もしもどんな時もすべての場合に「語ることができない」のであれば、世尊は黙って居られるほかにはどうしようもありませんし、閻浮提の六荘厳と偉大なるお二人と呼ばれる方も、黙って居られるなければならないのである。しかし彼らは沢山の法を説かれており、沢山の書をお書きになられています。彼らは説明するべきことがないのに何か説明したのではありません。説明すべきことがあるから説明されているのです。
このようであっても、聴聞した内容を何度も何度も思考して、それについての確信を得て、それを集中して修習してその修習を現前のものとする(心に表面化する)ことができた時には、ある特別な経験というものが起こってくるのです。
これは私たちがいつも語っている「空性」というこの単語の言葉のイメージを理解できるようになることとこれは全然違うものですし、また各自が空性の意味を何度も何度も思考することを通じてその考察がある程度しっかりしたものになることともこれは異なっているものです。そしてそのようなものが「語ることができない、思考することすらできないもの」ということになるのです。

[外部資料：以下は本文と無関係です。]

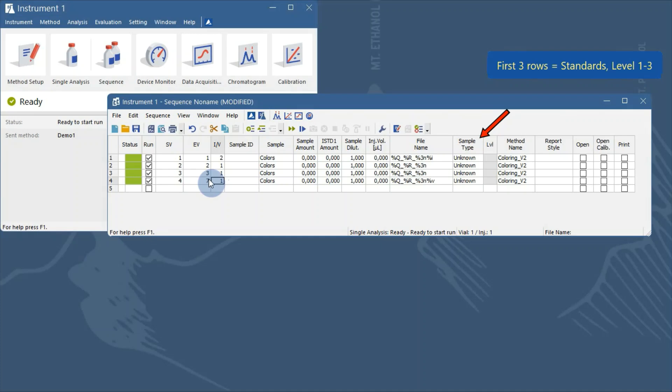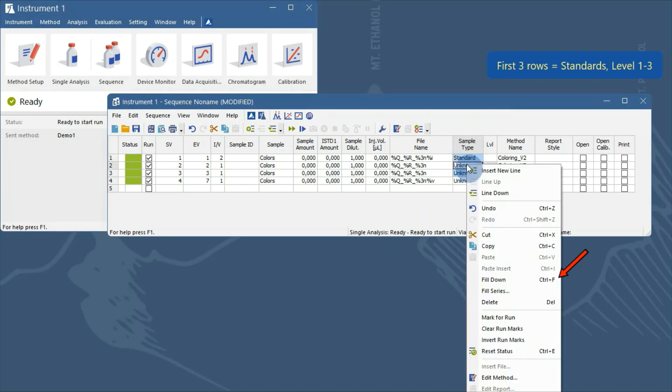The first 3 rows will be standards. So, we select the standard type in the first row and the sample type cells in the first 3 rows. Right click to invoke the local menu. Select fill down.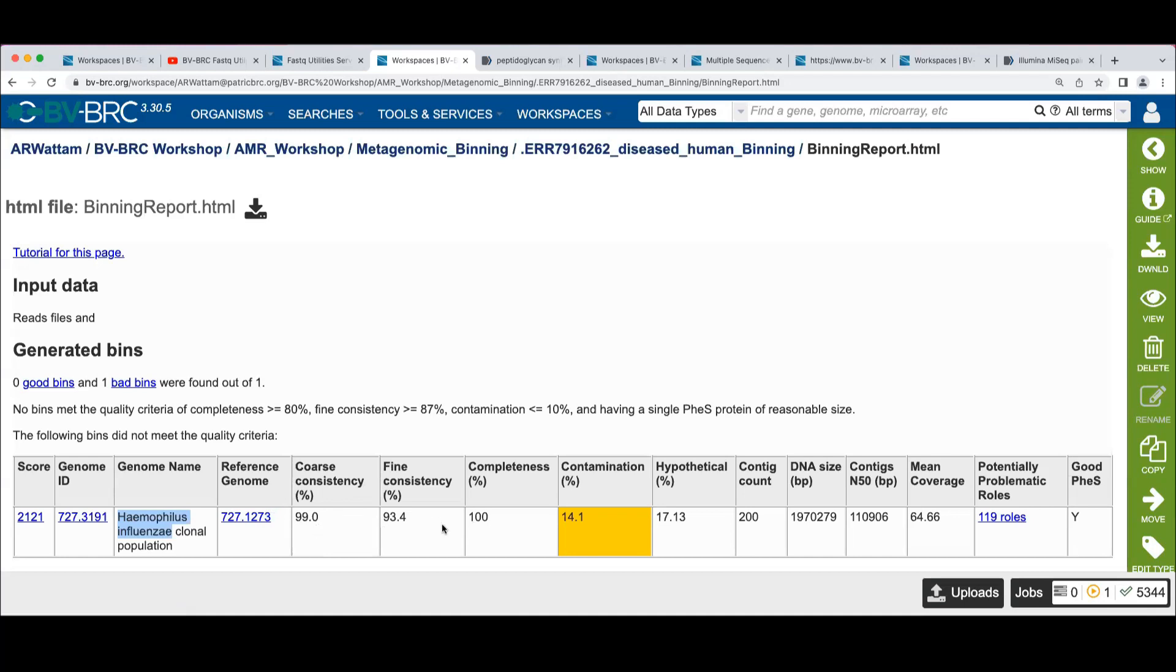It gives us the genome identifier for the reference that it used. We've got our consistency numbers, these are pretty good. Completeness is quite good. We've got 100% completeness, which means that had everything that we expected.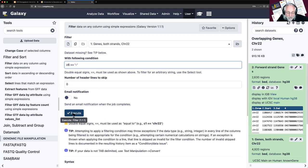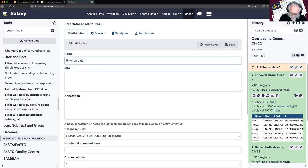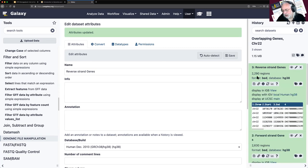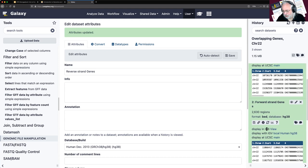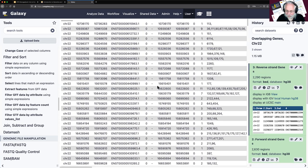I execute and rename the result 'Reverse Strand Genes.' Expectations game: we got a little more than half on the forward, so we should get a little less than half on the reverse — maybe 2,300. And yes, we got 2,290. So 2,290 reverse and 2,630 forward. This all looks good and passes the plausibility test. We poke it and yes, they're all minuses.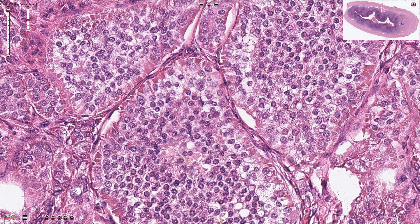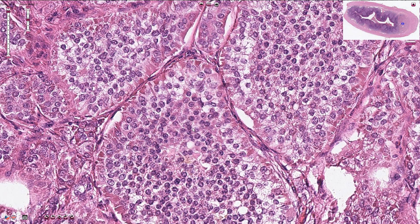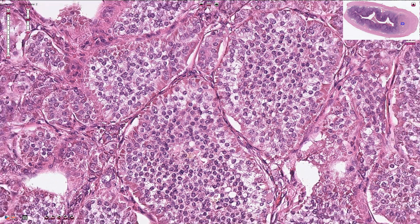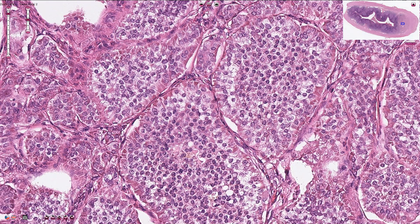Neuroendocrine tumors usually don't have a prominent nucleolus, so we can see just small nucleoli here and there. We shouldn't see a huge or large nucleolus.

たとえば、映画やテレビのなかに、アメとか食べ物のことをそれが非常に美味しいものであることをいくら語っていたとしても、その人が実際に舌の上でその味を味わってみるまでは、その人にとって想像する限りのことでしか「思考できないもの」となっています。何故ならば、各自がその味わいを経験していなければ、「美味しいものなのだ」とこう語ることができること以外には、他にどのようにそれが美味しいものかということなどについては語ることができないのです。同様に、このような種類の内的な経験がどのようなものなのかということは、それを経験したことが有る者以外には、それ以上は分からない、そういうことなのです。